**Activity**
Write out each line of the listing as it stands, without the images.

**Exercise data**

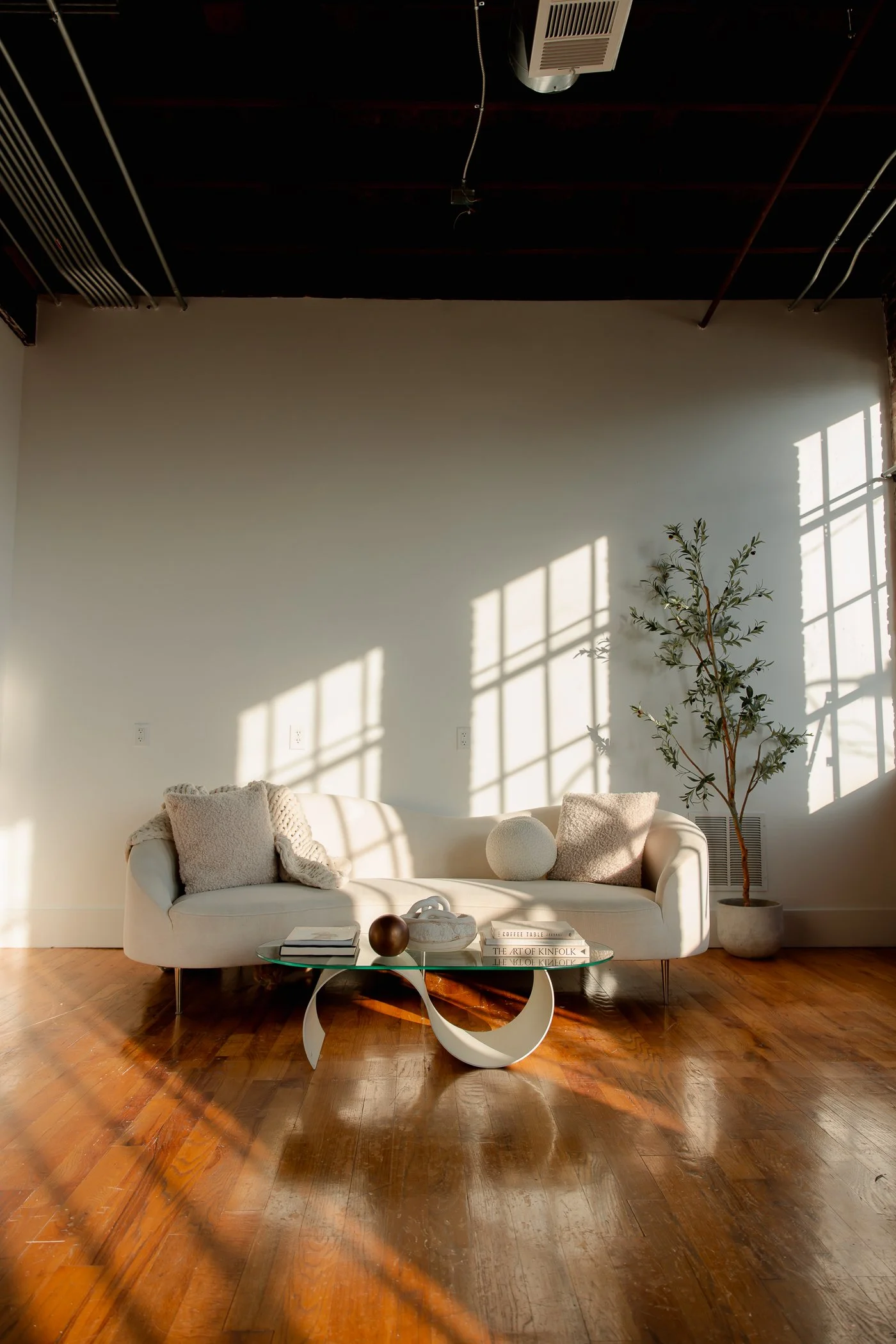 neutral-moon-studio-yoga-photo-creative-space-atlanta-wellness-rental-studio-7.jpg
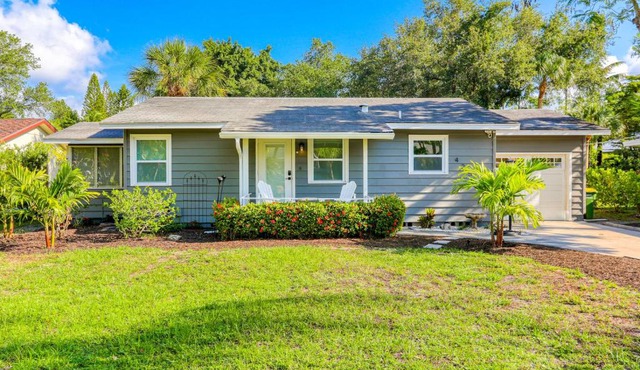 Sapphire Shores Escape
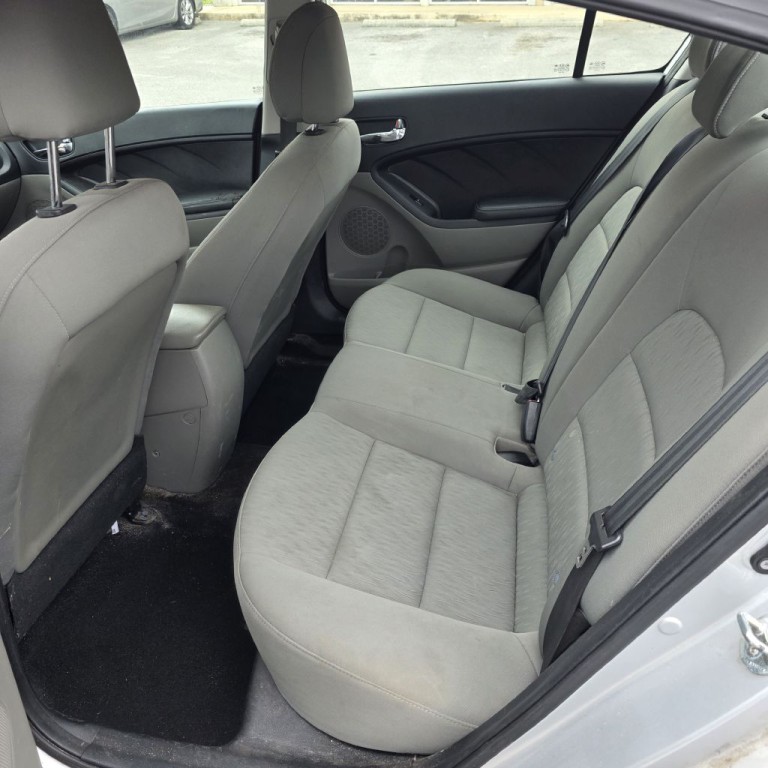 2015 Kia Forte Image 6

**Solution to the problem**
 neutral-moon-studio-yoga-photo-creative-space-atlanta-wellness-rental-studio-7.jpg
 Sapphire Shores Escape
 2015 Kia Forte Image 6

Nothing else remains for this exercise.